Viver

Palco. Te-Ato quer transformar ilhas num Arquipélago com voz

27 jan 2023 09:44

Encontros uma vez por mês, para descobrir a arte fora do mainstream, no novo projecto Arquipélago, do Te-Ato, em Leiria

palco-te-ato-quer-transformar-ilhas-num-arquipelago-com-voz
João Lázaro: “Na última quinta-feira de cada mês, iremos cruzar formas de expressão artística, no que se pretende uma cumplicidade de sentires e onde todas as formas de arte têm lugar”. A primeira sessão realiza-se em Fevereiro
Ricardo Graça

Pode estar a nascer em Leiria “um movimento contra-natura” para defender “a arte que brota das pessoas” e “é livre”? Para unir artistas e criadores e levá-los de ilhas “na sua anónima expressão” a arquipélagos com “cidadania, nome e visibilidade”? É esse, pelo menos, o objectivo do novo projecto do Te-Ato, que após 46 anos de actividade abre a Sala Jaime Salazar Sampaio a uma nova prática: a divulgação.

“Nós queremos é que esta gente se encontre”, comenta o director artístico, João Lázaro. Os que “não fazem parte do mainstream”, que “não são apoiados, não são subsidiados”, os anónimos. “É este território que não podemos deixar morrer”.

“É um palco aberto, uma coisa orgânica”, refere ao JORNAL DE LEIRIA. Através de uma iniciativa cuja regra “é não ter regras”, o Te-Ato pretende “juntar diversas ilhas para constituir um arquipélago muito grande” e conseguir “que pessoas tragam pessoas”, uma vez por mês. “Não é só programação”, realça o actor e encenador. “Há aqui uma função social que ultrapassa a mera programação”.

O primeiro episódio do Arquipélago acontece a 23 de Fevereiro, na Sala Jaime Salazar Sampaio, perto do Terreiro. Com início às 21:30 horas, encontram-se “a escrita inquieta de João Rato” e o “dizer sonoro no saxofone de Duarte Sá”, antecipa João Lázaro, num texto sobre o projecto. Em Março, o foco incide sobre o rap e as tatuagens.

“Na última quinta-feira de cada mês, iremos cruzar formas de expressão artística, no que se pretende uma cumplicidade de sentires e onde todas as formas de arte têm lugar”, descreve. “Mensalmente se prolongarão estas descobertas, que se pretendem orgânicas, participadas e com o nosso compromisso de escutar sugestões”.

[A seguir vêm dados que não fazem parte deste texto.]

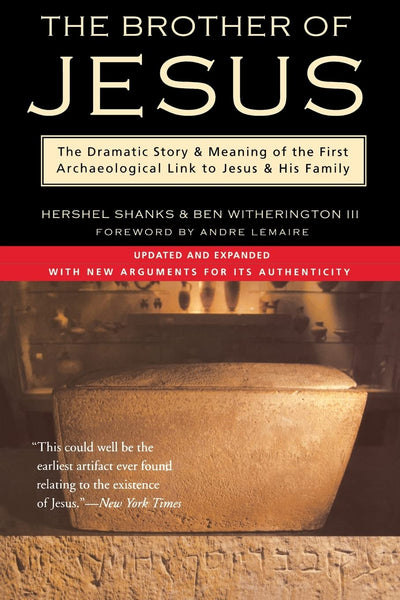 The Brother of Jesus: The Dramatic Story & Meaning of the First Archaeological Link to Jesus & His Family
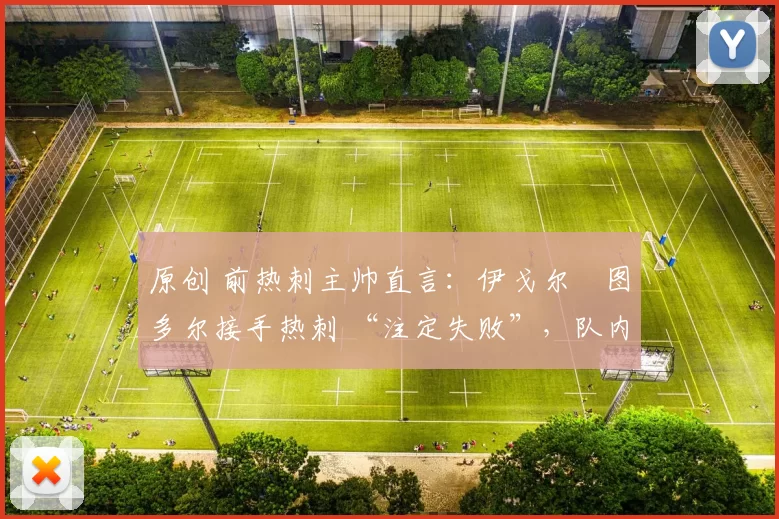 原创 前热刺主帅直言:伊戈尔・图多尔接手热刺 “注定失败”,队内氛围 “ toxic 至极”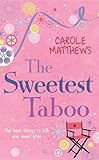 The sweetest taboo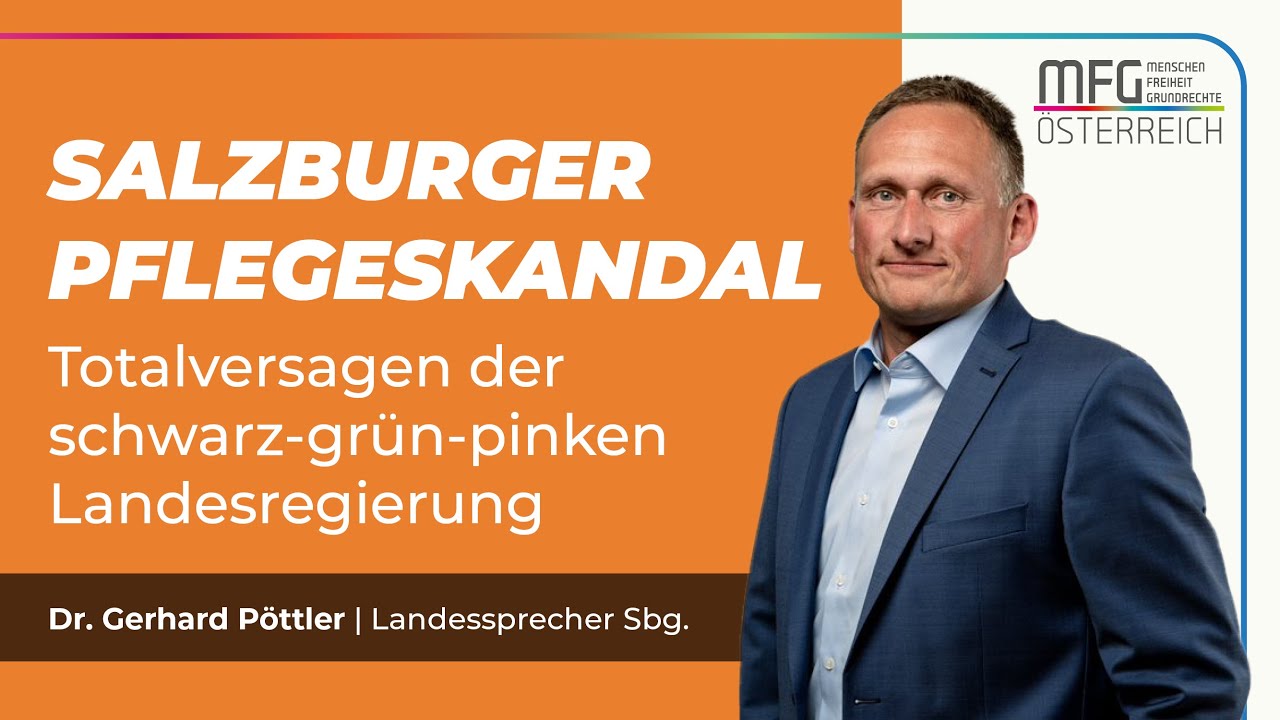 Dr.Gerhard Pöttler  - zum Pflegeheimskandal in Salzburg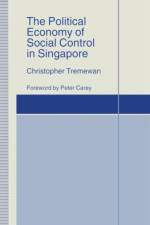 The Political Economy of Social Control in Singapore af Christopher Tremewan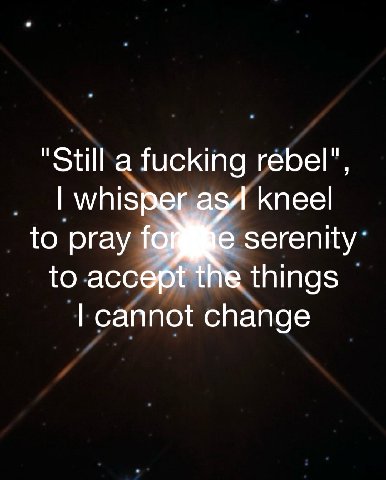 "Still a fucking rebel", kneel whis to pray serenity to accept the things cannot change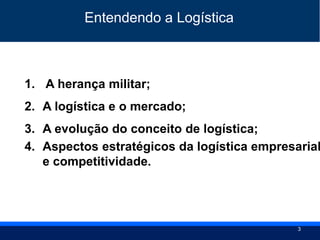3
1. A herança militar;
2. A logística e o mercado;
3. A evolução do conceito de logística;
4. Aspectos estratégicos da logística empresarial
e competitividade.
Entendendo a Logística
 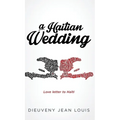 A Haitian Wedding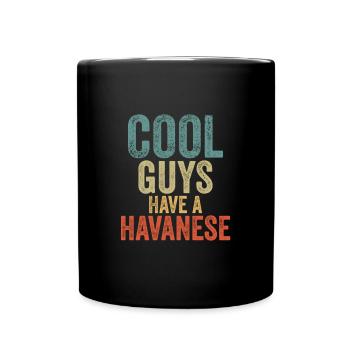 Cool Guys have a havanese - Tasse einfarbig - Schwarz - Vorne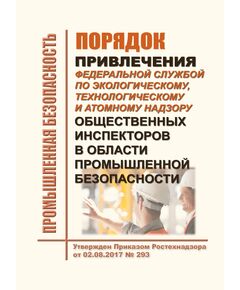 Порядок привлечения Федеральной службой по экологическому, технологическому и атомному надзору общественных инспекторов в области промышленной безопасности. Утвержден Приказом Ростехнадзора от 02.08.2017 № 293 в редакции Приказа Ростехнадзора от 14.10.2020 № 408 - Общие для различных опасных производственных объектов, Промышленная безопасность -  1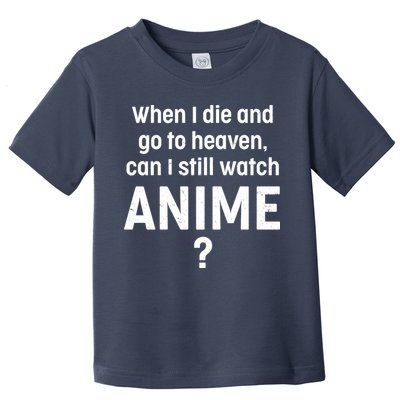 When I Die and Go to Heaven Can I Still Watch Anime? Toddler T-Shirt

Duarte Sá tem 18 anos e estuda saxofone no Orfeão de Leiria, além de integrar a Filarmónica do Soutocico e a Banda Sinfónica de Alcobaça. Também residente em Leiria, João Rato, de 22 anos, é um antigo aluno da Escola Superior de Artes e Design de Caldas da Rainha.

Arte maltratada

Arquipélago surge num período em que “a arte está a ser muito maltratada” em Portugal e no teatro “a situação é angustiante”, considera João Lázaro. “As pessoas andam a confundir os posters que compram na loja à saída do museu com os quadros que estão lá dentro”, atira. Ao mesmo tempo que “escolas de pensamento” como a Cornucópia encerram, a Direcção-Geral das Artes “financia projectos ocos, serôdios”. Ou seja, “alguma coisa está mal”.

“Ando à rasca com o que se está a passar neste País”, diz o director artístico do Te-Ato. “A uniformização, a padronização, é uma auto-estrada para o fascismo”.

Uma vez por mês, a começar já em Fevereiro, o Te-Ato ambiciona, então, sublinhar “aquilo que deve ser a função da arte”, uma forma “de o Homem encontrar coisas maiores do que ele próprio” e de se relacionar com os outros, afirma João Lázaro. “Tenho vindo a conhecer imensa gente muito interessante”, diz, “putos que me deixam completamente maravilhados, pela frescura, pelas ideias, a criar com reflexão política”.

Se a arte é “o contraponto da guerra, da distopia, da ganância, do individualismo narcísico”, conforme nota no texto sobre o projecto, os encontros Arquipélago pretendem albergar “a inquietação que visa reflectir sobre o bem comum” e um produto “maior que o eu do criador”.

“Um território mental da diversidade, onde cada um possa encontrar o seu sentido numa vida útil, na realização pessoal e na expressão criativa”, explica o director artístico do Te-Ato, companhia fundada em 1977.